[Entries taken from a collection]
========

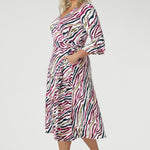 his versatile wrap dress features a functioning wrap style with waist ties for an adjustable fit. The double-layer back bodice provides added structure, while the 3/4 length fluted sleeves below the elbow bring a romantic, feminine flair. 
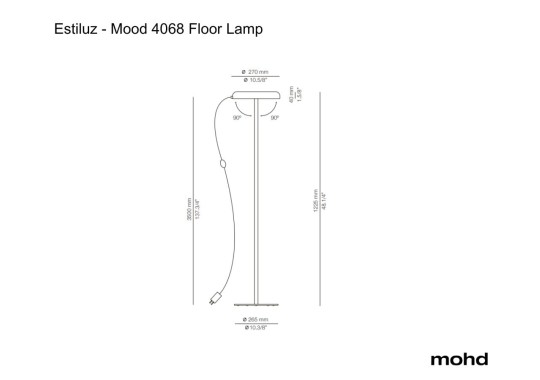 Технические характеристики и чертежи Estiluz Mood 4068 Floor Lamp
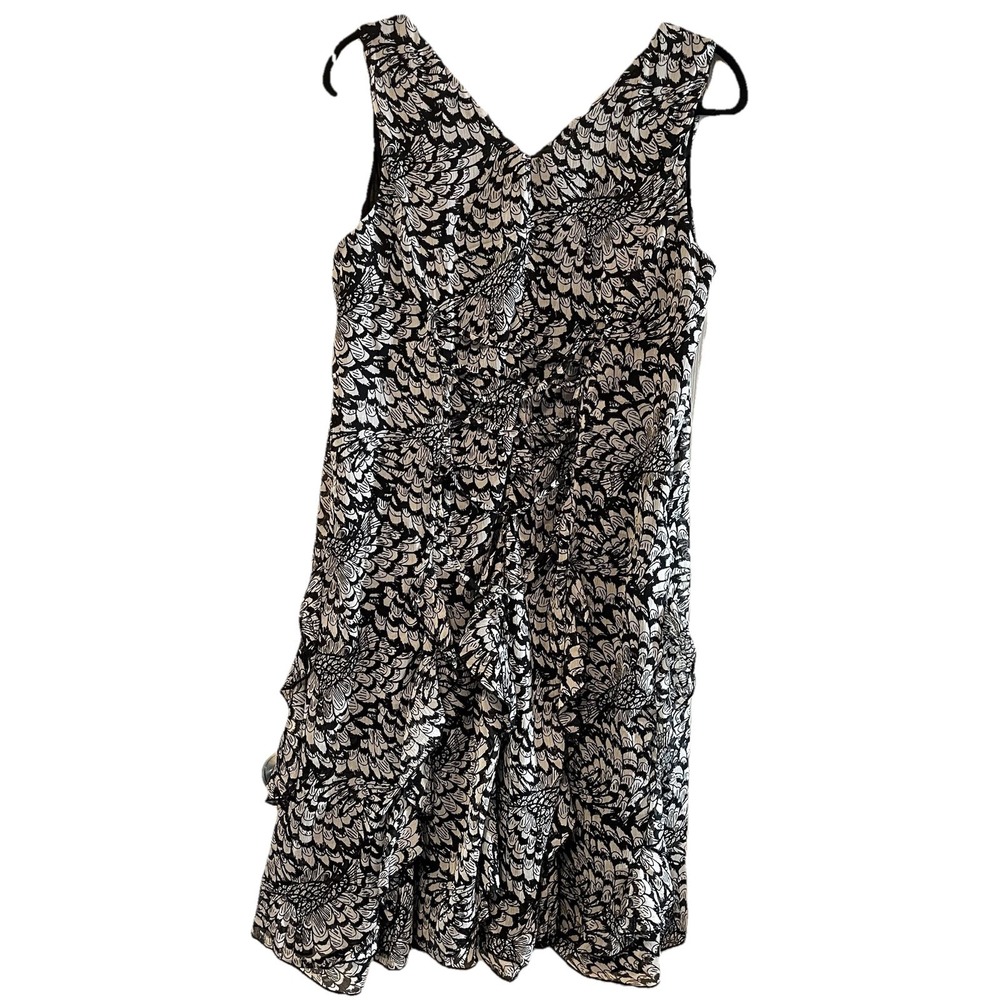 Pyramid Collection Women's L Sleeveless Flowy Dress Drop Waist V Neck Ruffle - Picture 10 of 14
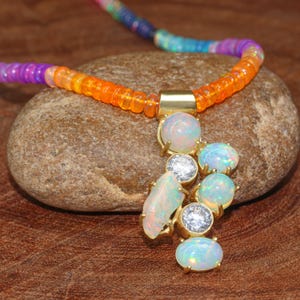 Multi Opal Gemstone Beaded Charm Necklace, Fire Opal Gold Charm Pendant Necklace, Multi Color Ethiopian Opal Jewelry, Opal Gold Necklace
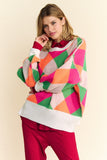 MQTIME  -   Exposed Seam Color Block Dropped Shoulder Sweater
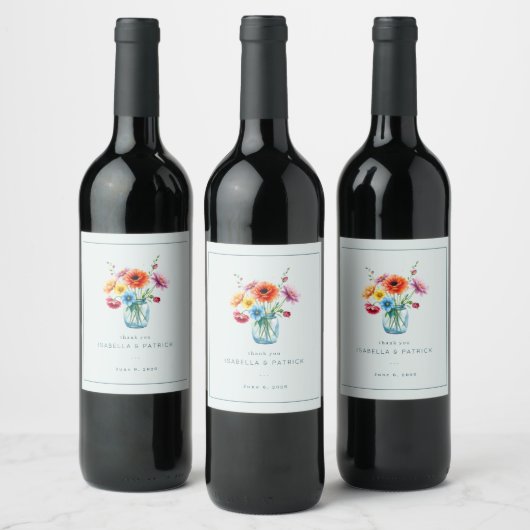 Romantischer Blumen-Wasserfarbenstrauß Weinetikett (Flaschen)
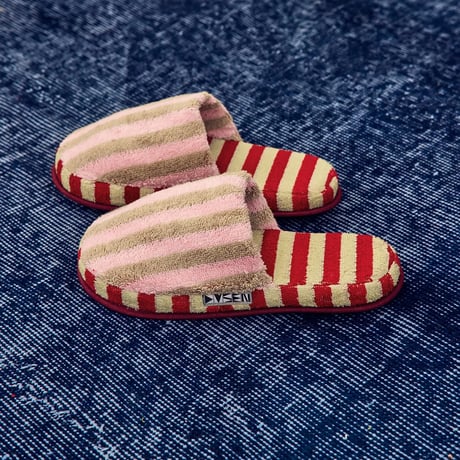 Dusen Dusen / Terry Stripe Slippers LADYBUG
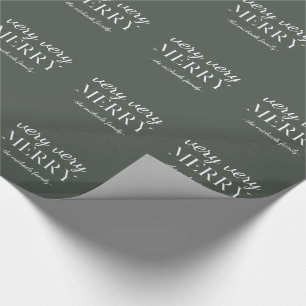 Very Very Merry Typography with Name Christmas Wrapping Paper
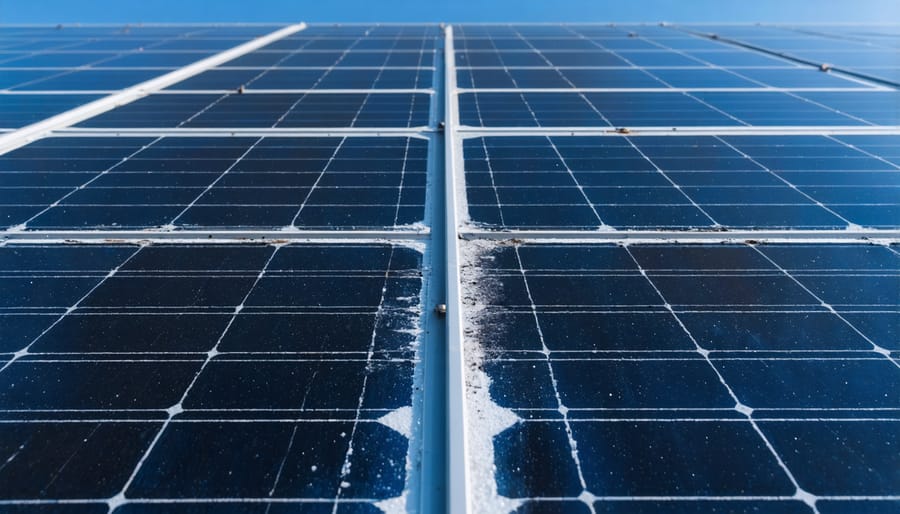 Corroded solar panel mounting hardware and degraded panel surface due to salt exposure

========

• Problem
Leave out the pictures and print each record exactly as it stands.

• Solution
 his versatile wrap dress features a functioning wrap style with waist ties for an adjustable fit. The double-layer back bodice provides added structure, while the 3/4 length fluted sleeves below the elbow bring a romantic, feminine flair. 
 Технические характеристики и чертежи Estiluz Mood 4068 Floor Lamp
 Pyramid Collection Women's L Sleeveless Flowy Dress Drop Waist V Neck Ruffle - Picture 10 of 14
 Multi Opal Gemstone Beaded Charm Necklace, Fire Opal Gold Charm Pendant Necklace, Multi Color Ethiopian Opal Jewelry, Opal Gold Necklace
 MQTIME  -   Exposed Seam Color Block Dropped Shoulder Sweater
 Romantischer Blumen-Wasserfarbenstrauß Weinetikett (Flaschen)
 Dusen Dusen / Terry Stripe Slippers LADYBUG
 Very Very Merry Typography with Name Christmas Wrapping Paper
 Corroded solar panel mounting hardware and degraded panel surface due to salt exposure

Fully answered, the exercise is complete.